Copy nothing but the lines below, from the one with "Pflaumenkuchen Streuselkuchen Blechkuchen" through the one with "同样一箱奶,为什么实体店卖50块钱,而网上却能卖25元?", exactly as written; no pictures should appear.

**DATA EXTRACT**
—————
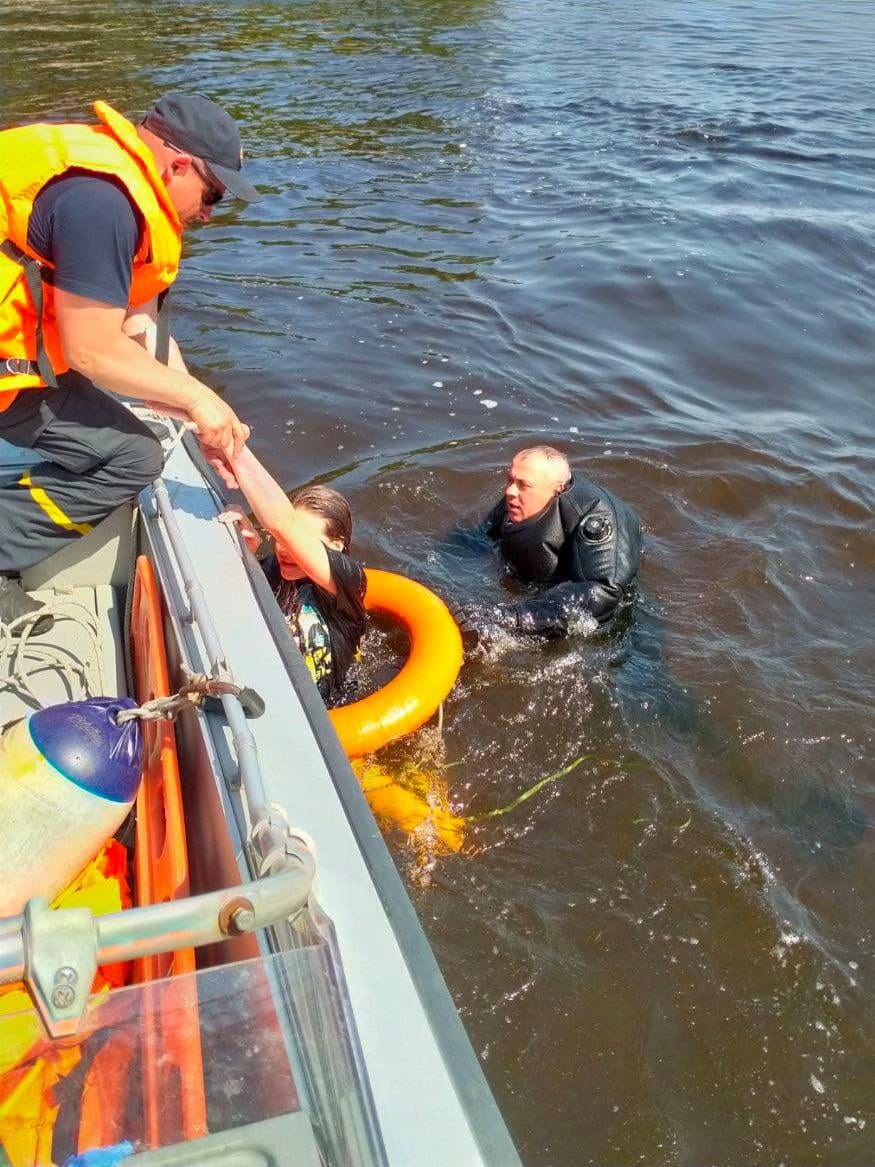 В Киеве чудом спасли девочку, которую уносило течение в опасном месте на пляже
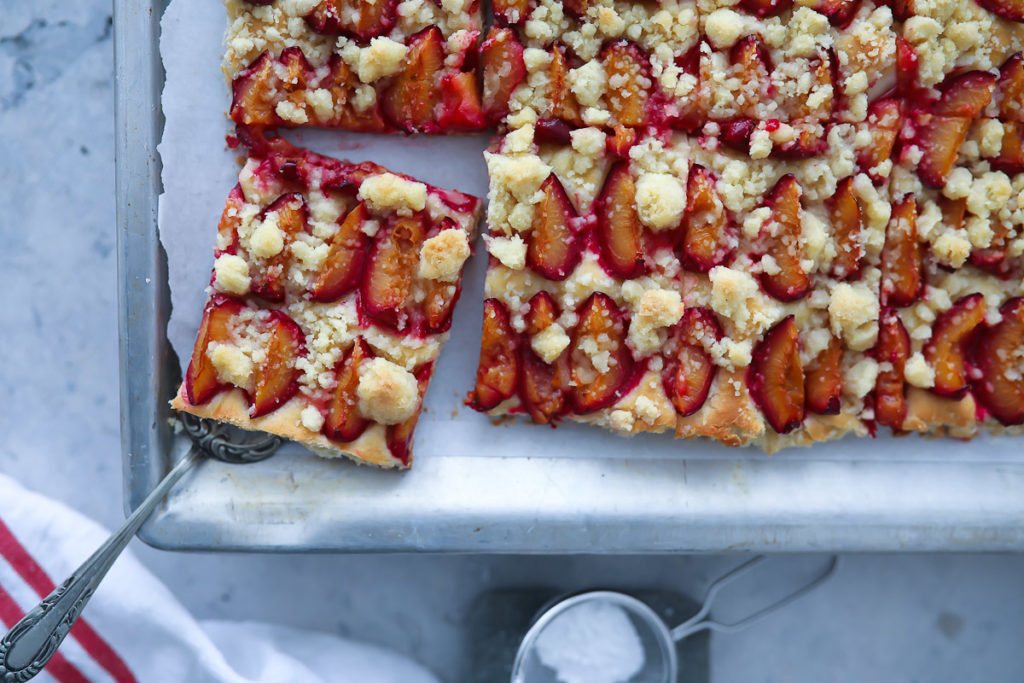 Pflaumenkuchen Streuselkuchen Blechkuchen Pflaumenkuchen vom Blech plum streusel tray bake Hefeteig hefekuchen hefeblechkuchen foodstyling backblog backrezept food photography zucker zimt und liebe 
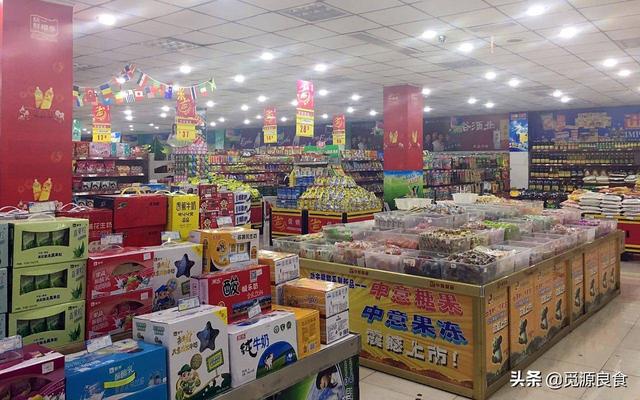 同样一箱奶,为什么实体店卖50块钱,而网上却能卖25元?
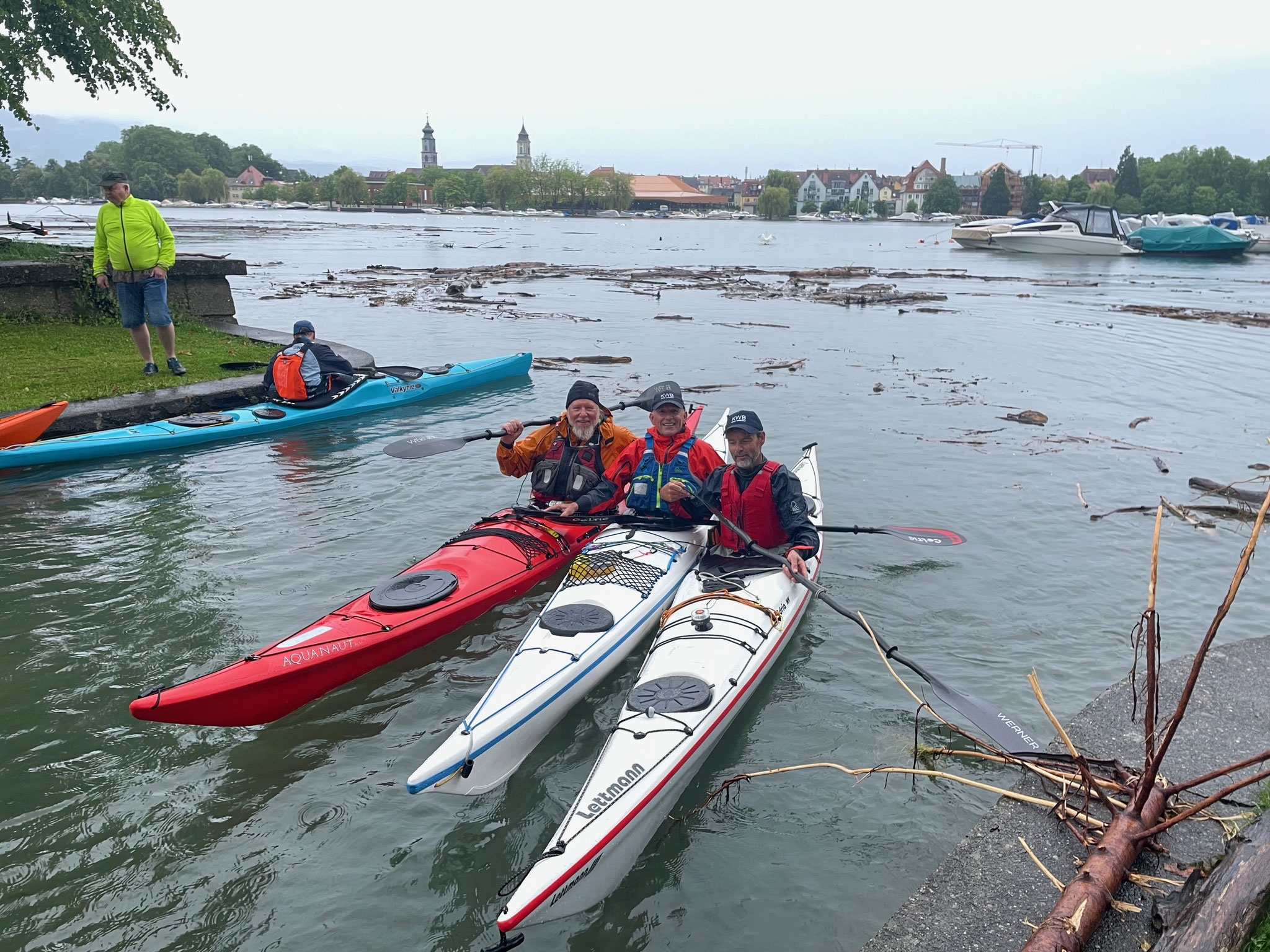 Paddler des KW Bregenz in Lindau, Friedrichshafener machen sich bereit.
—————
**TASK ANSWER**
 Pflaumenkuchen Streuselkuchen Blechkuchen Pflaumenkuchen vom Blech plum streusel tray bake Hefeteig hefekuchen hefeblechkuchen foodstyling backblog backrezept food photography zucker zimt und liebe 
 同样一箱奶,为什么实体店卖50块钱,而网上却能卖25元?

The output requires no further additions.